テヘラン現代美術館 Tehran Museum of Contemporary Art
テヘラン、ラレ公園の現代美術館。1977年、革命前夜にカムラン・ディバの設計で開館した。ペルシアの伝統的な採風塔を翻案した造形と、地下へ螺旋状に下る展示空間で知られる。
§1 — 概要概要
テヘラン現代美術館(Tehran Museum of Contemporary Art, TMoCA)は、イランの首都テヘランのラレ公園に位置する美術館である。1977年、王妃ファラ・パフラヴィーの主導により開館した。設計はイランの建築家カムラン・ディバ(Kamran Diba)で、ペルシアの伝統建築を現代的に翻案した造形により、20世紀イラン建築の代表作のひとつとされる。
歴史
美術館は1979年のイラン革命のわずか2年前、1977年に開館した。

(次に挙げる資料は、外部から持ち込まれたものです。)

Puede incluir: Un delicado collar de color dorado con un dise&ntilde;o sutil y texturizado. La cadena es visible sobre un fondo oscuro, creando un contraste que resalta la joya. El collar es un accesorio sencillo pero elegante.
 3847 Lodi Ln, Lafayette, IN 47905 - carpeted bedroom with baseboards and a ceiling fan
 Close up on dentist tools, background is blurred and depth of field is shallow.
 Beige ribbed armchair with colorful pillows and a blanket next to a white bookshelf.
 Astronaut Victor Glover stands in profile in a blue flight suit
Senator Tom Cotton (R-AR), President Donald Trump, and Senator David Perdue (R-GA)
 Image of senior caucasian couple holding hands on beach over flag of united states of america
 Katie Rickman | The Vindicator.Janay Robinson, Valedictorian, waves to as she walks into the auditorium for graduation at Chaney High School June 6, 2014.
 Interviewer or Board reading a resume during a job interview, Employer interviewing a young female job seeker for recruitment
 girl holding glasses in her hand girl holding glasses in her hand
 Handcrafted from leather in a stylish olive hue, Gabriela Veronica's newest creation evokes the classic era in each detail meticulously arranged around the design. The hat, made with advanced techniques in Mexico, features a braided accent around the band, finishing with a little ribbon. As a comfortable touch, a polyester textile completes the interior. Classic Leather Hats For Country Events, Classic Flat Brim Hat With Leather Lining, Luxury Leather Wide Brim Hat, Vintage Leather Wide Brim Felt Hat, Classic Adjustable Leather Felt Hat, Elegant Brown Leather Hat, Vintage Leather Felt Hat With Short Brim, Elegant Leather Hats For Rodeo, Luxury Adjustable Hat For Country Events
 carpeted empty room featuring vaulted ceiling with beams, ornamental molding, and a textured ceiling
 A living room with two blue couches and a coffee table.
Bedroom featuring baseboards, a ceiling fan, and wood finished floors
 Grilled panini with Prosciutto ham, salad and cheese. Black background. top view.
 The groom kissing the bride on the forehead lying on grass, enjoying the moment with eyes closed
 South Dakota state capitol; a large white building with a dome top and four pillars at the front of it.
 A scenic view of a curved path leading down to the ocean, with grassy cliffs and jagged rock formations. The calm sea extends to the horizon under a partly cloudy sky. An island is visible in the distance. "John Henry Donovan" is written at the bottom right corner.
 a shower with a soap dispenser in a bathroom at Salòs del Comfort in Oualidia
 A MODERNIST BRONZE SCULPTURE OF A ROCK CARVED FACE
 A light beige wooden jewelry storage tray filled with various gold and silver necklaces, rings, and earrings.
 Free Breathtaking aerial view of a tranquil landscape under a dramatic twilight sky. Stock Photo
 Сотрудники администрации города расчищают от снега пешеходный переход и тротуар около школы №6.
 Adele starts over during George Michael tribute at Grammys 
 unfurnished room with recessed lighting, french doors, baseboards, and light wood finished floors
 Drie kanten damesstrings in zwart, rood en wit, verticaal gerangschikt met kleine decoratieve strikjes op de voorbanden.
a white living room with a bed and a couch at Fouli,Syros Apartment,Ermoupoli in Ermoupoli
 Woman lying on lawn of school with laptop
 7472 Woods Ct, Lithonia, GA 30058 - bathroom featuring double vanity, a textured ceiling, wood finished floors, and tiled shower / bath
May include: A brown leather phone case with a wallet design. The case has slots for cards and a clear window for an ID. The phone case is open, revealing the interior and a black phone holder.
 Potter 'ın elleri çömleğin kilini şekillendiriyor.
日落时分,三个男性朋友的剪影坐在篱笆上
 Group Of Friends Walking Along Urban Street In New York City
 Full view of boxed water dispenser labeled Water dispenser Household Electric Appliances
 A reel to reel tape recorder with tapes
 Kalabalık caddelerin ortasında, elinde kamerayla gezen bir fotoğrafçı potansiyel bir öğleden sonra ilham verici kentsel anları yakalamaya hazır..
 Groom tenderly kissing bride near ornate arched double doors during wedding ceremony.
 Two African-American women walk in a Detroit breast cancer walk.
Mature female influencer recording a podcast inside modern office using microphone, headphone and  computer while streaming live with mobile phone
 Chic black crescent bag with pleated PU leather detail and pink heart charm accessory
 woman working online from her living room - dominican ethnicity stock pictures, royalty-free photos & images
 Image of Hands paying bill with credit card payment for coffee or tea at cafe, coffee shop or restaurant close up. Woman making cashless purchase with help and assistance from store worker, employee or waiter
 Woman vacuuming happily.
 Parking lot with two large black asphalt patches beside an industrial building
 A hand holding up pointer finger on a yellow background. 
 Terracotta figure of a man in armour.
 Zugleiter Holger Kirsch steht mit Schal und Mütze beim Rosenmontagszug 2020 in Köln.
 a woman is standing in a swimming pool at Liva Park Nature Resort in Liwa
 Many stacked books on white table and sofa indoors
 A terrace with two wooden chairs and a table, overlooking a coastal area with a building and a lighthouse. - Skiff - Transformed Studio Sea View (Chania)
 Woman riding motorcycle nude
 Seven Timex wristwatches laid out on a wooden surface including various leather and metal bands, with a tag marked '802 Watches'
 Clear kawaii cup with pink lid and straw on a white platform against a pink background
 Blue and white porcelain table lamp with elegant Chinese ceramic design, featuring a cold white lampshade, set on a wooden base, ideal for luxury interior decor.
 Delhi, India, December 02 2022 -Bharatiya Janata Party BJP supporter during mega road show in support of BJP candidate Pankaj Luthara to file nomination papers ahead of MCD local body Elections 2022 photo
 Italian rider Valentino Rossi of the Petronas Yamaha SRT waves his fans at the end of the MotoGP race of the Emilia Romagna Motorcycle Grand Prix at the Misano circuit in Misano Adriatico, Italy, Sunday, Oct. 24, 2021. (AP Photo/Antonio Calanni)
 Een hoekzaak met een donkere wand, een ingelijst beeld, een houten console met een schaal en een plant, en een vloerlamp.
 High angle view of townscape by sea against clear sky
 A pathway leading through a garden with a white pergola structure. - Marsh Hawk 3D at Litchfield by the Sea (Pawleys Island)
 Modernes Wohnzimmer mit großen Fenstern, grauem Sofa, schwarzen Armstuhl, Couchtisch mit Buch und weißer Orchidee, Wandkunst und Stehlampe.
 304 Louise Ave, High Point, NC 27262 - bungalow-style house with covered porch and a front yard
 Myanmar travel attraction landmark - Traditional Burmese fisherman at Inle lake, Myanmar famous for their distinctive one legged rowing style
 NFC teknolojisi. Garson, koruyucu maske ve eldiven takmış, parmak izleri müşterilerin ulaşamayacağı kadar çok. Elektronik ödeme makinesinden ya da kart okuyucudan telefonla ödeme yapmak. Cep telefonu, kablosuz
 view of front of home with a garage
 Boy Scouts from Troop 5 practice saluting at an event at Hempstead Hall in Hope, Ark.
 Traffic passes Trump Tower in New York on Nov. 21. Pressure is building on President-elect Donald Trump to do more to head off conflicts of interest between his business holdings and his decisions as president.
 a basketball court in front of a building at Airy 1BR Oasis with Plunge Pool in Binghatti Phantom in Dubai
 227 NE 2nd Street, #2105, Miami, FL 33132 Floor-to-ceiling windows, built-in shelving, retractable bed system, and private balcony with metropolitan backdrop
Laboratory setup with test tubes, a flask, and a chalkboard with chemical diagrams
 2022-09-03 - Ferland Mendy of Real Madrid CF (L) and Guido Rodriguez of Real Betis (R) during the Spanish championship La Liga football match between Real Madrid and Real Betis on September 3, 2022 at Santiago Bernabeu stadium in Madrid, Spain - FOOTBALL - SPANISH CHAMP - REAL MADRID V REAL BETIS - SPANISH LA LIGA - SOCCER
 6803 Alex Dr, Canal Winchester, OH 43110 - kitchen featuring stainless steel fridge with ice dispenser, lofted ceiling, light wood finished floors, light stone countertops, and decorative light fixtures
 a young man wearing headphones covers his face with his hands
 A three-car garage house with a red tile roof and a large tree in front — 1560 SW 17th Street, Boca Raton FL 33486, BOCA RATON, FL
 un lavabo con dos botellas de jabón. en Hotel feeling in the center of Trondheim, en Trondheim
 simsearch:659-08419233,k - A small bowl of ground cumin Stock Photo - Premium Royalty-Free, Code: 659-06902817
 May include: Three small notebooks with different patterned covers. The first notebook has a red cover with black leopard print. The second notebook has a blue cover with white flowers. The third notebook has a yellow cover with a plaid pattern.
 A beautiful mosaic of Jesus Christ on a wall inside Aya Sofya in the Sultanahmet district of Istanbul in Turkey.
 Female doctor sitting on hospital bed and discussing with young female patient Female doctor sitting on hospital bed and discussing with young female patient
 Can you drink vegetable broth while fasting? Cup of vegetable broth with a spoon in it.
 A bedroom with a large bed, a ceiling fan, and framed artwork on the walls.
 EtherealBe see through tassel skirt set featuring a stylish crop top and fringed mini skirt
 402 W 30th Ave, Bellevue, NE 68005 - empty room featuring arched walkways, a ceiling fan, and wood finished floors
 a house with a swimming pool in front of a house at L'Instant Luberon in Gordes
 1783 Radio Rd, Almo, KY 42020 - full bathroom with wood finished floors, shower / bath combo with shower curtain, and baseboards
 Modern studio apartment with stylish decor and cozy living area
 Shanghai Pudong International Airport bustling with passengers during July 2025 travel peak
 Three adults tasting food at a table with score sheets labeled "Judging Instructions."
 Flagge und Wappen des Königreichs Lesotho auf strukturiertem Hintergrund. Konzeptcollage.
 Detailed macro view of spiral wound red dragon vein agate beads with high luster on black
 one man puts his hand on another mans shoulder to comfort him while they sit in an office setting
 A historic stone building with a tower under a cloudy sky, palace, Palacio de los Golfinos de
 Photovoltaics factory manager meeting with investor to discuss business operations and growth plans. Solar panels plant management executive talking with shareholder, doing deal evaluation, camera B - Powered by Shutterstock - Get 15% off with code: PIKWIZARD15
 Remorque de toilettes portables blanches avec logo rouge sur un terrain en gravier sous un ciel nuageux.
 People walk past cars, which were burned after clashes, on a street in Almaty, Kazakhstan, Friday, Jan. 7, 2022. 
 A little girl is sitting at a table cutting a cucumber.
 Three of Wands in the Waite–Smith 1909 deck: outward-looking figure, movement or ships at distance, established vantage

王室の後援のもとで西洋近代美術の一大コレクションが築かれ、ピカソ、ポロック、ウォーホルらの作品を含む、中東有数の近現代美術の収蔵で知られるようになる。革命後、これらの作品の多くは長く収蔵庫に納められたが、近年は再び公開される機会が増えている。設計に際してディバは、建築家ナーデル・アルダラーン(Nader Ardalan)と協働した。
建築的特徴
建物の大部分は地下に納められ、来館者は円形のスロープに沿って螺旋状に下りながら展示室を巡る。これはニューヨークのグッゲンハイム美術館を反転させたような構成である。屋根には、ヤズドやカシャーンなどイラン中央部の砂漠都市に見られる伝統的な採風塔(バードギール)を翻案した採光塔が並び、北からの安定した光を展示室へ導く。外装は打放しコンクリートと石を組み合わせ、土着の建築語彙とブルータリズムの感覚を結びつけている。
意義・現在
テヘラン現代美術館は、近代建築の語彙とペルシアの風土的伝統を接合した試みとして高く評価される。イランの国定文化財に登録され、現在も同国における現代美術の中心的な施設として活動を続けている。